With this, the Adanis’ holding in NDTV has risen to 37.42 per cent as it has acquired 100 per cent stake in NDTV promoter group RRPR Holding which holds 29.18 per cent stake in the company. When the open offer ended on Monday, the Adanis received 53.27 lakh shares of NDTV, which works out to 31.79 per cent of the open offer to buy 1.67 crore shares.
Prannoy Roy and Radhika Roy, the original promoters, hold a 32.26 per cent stake in NDTV. Foreign portfolio investors hold 14.72 per cent stake – Vikasa India EIF I Fund has 4.42 per cent and LTS Investment Fund 9.75 per cent.
Currently, the Adanis don’t have any directors on the board of NDTV. However, they brought in three of their nominees on the board of RRPR Holdings after it acquired control over the promoter company.
NDTV shares on Monday closed 4.95 per cent lower at Rs 393.90 on the BSE. There were 56,599 public shareholders in the company as of September 2022.
The Roys had resigned as directors of the board of RRPR on November 29. Subsequently, Sudipta Bhattacharya, chief technology officer of Adani group, Sanjay Pugalia, senior journalist and CEO of Adani’s AMG Media Network and journalist Senthil Sinniah Chengalvarayan joined the RRPR the board. As the Adanis are yet to get majority controlling stake of over 51 per cent, it will be interesting to watch how the Adanis’ bid to control NDTV will take shape, according to a corporate observer.

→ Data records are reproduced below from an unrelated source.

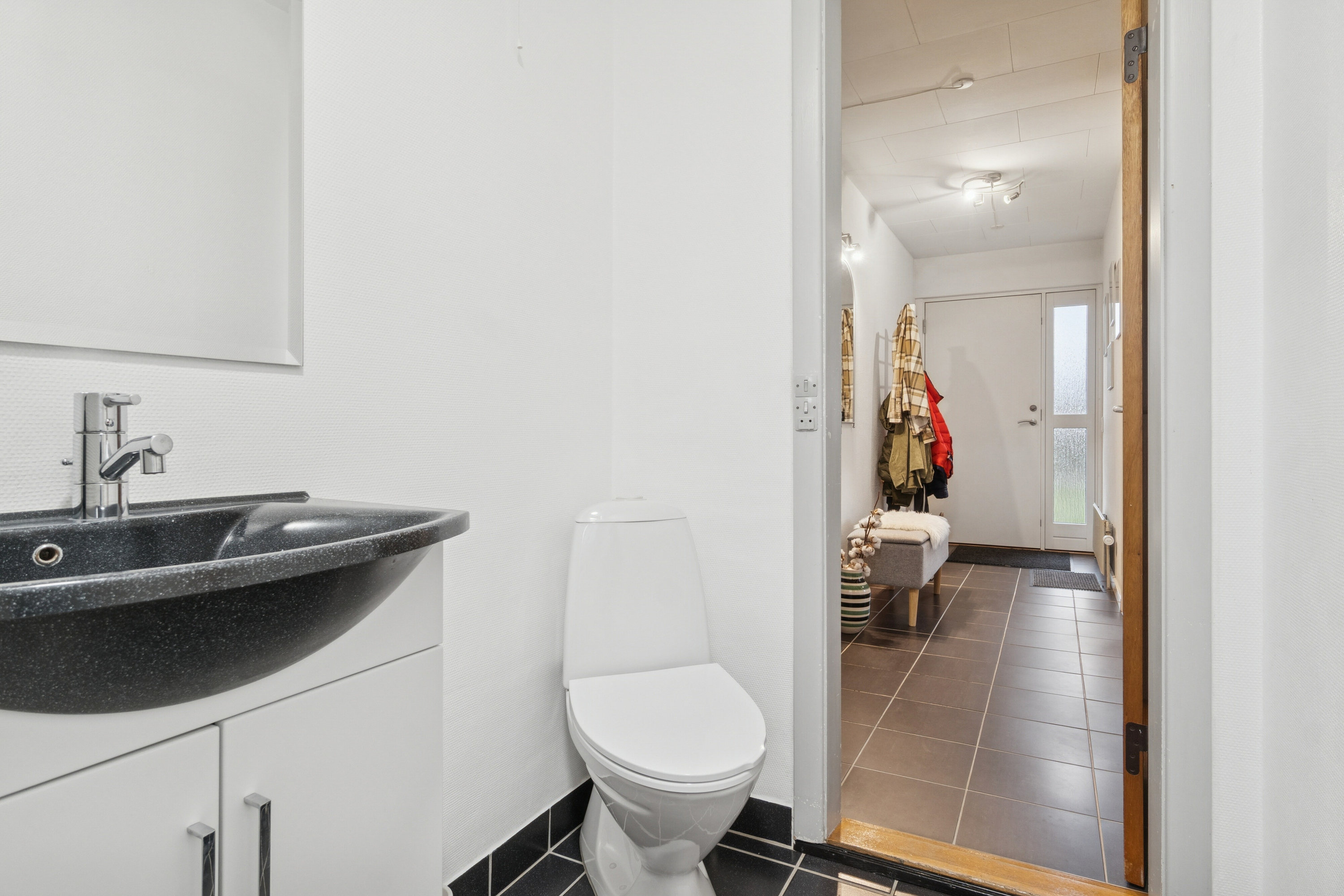 Fremhævet badeværelse billede i fuldskærmstilstand. Billede af Lindevej 10, 4262 Sandved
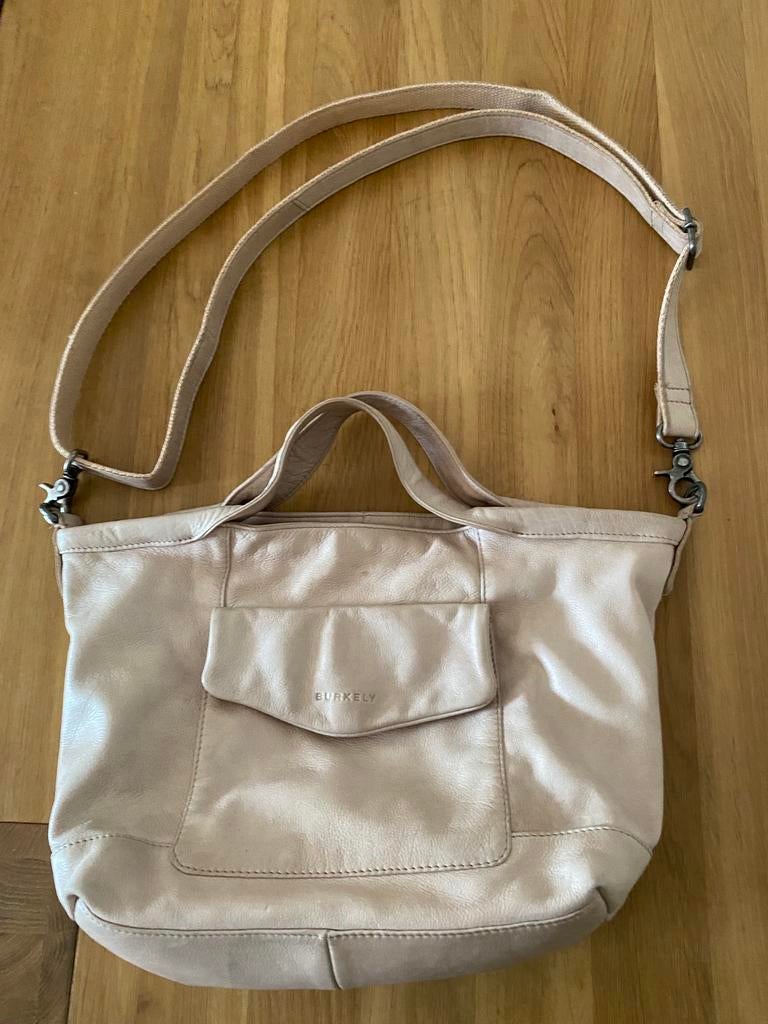 beige leren schoudertas van Burkely, Ophalen of Verzenden, Zo goed als nieuw, Beige, Schoudertasje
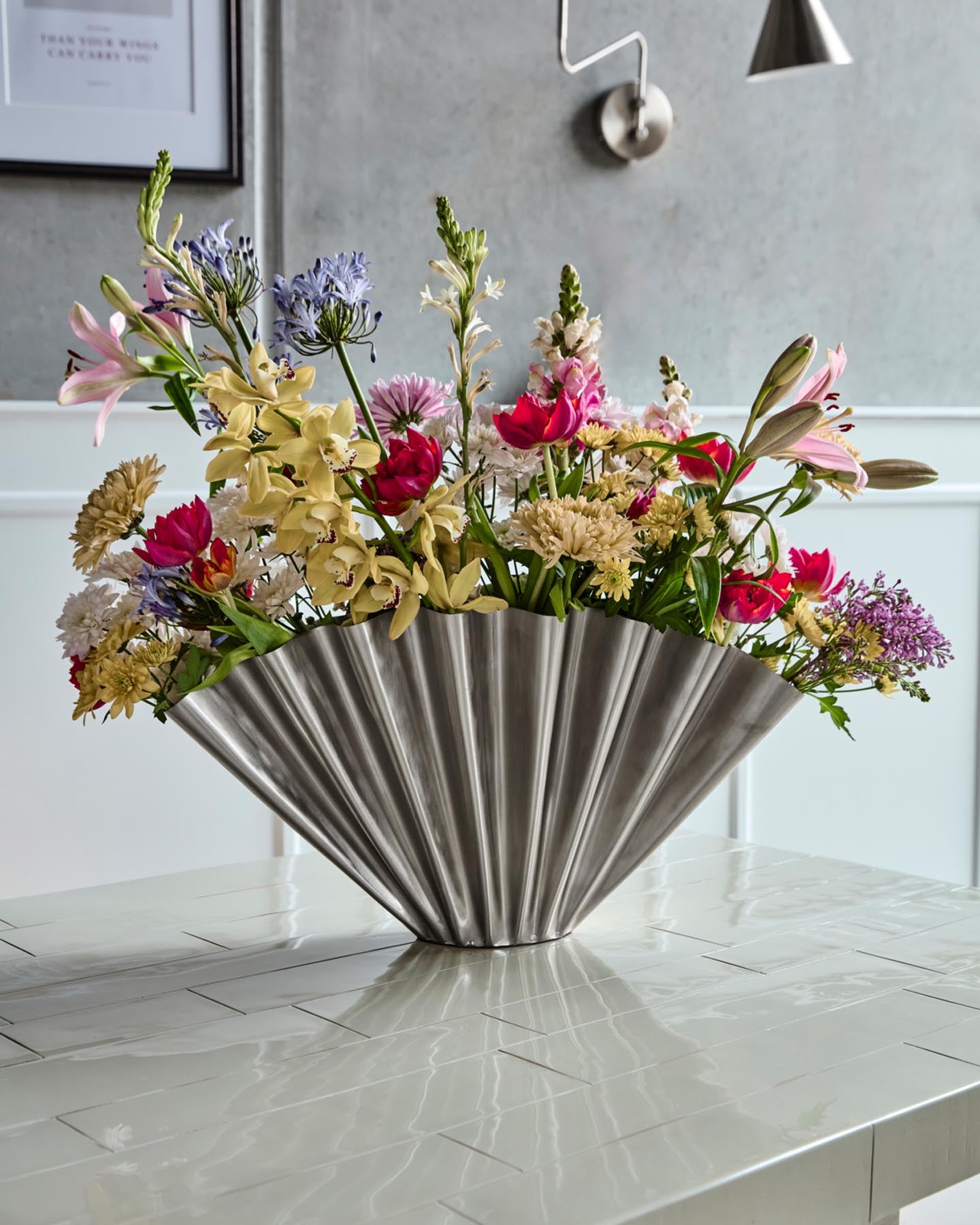 Vase, HDFlood, Gebürstetes Silber-Finish in Gebürstetes Silber-Finish präsentiert im Onlineshop von KAQTU Design AG. Vase ist von House Doctor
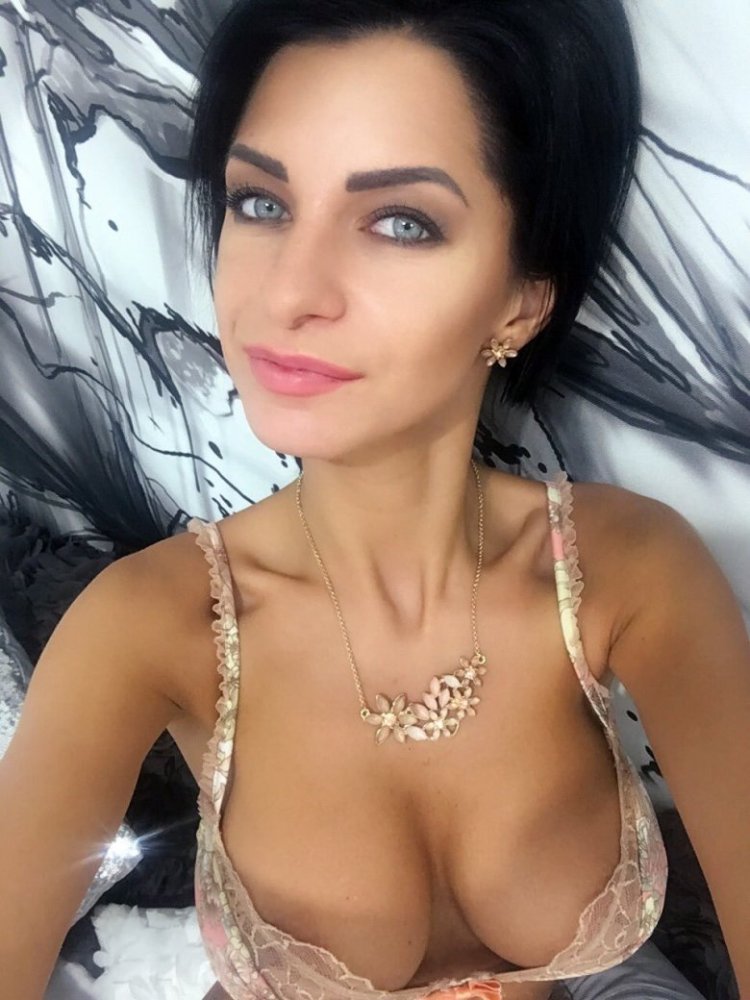 Anna Abramova Romania Anisyia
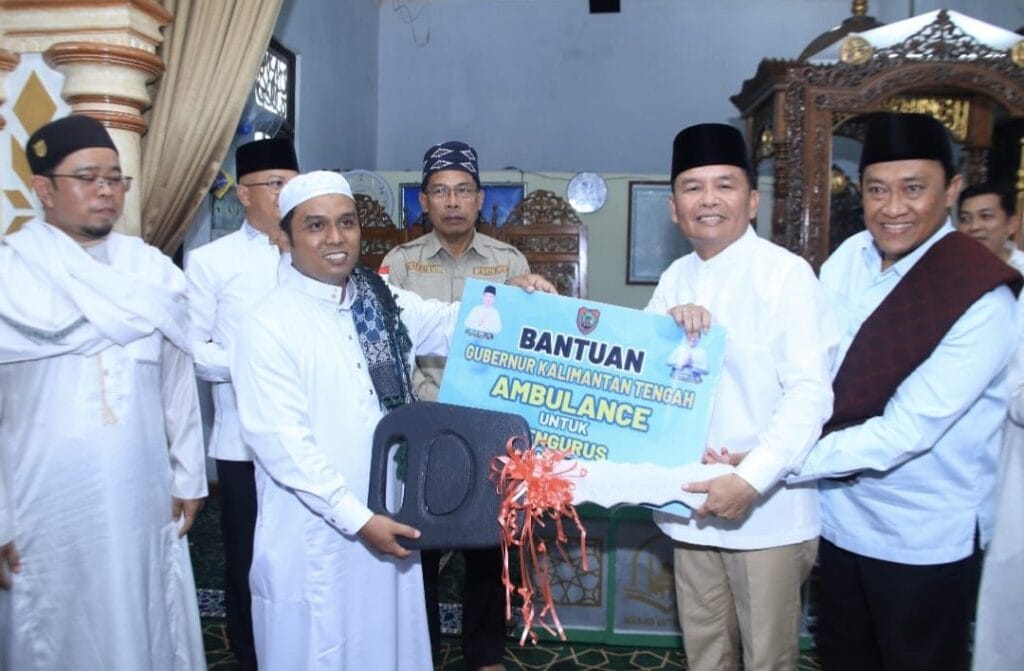 Gubernur Agustiar Serahkan Mobil Ambulans dan Jenazah untuk Warga Puntun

It remains to be seen what the Roys do with their personal shareholding in NDTV. The market value of the stake held by the Roys works out to Rs 819 crore based on Monday’s closing price.
Shareholders who hold more than 25 per cent stake can block special resolutions. Special resolutions mean shareholders resolutions which under law require at least 75 per cent vote. Some important resolutions that need to be approved as special resolutions are change of company’s line of business, change of company’s name, modification of by-laws, buy-back of shares, inter-corporate loans and investments crossing the permissible threshold limits, sale of company’s substantial business, mergers and demergers and the removal of auditors.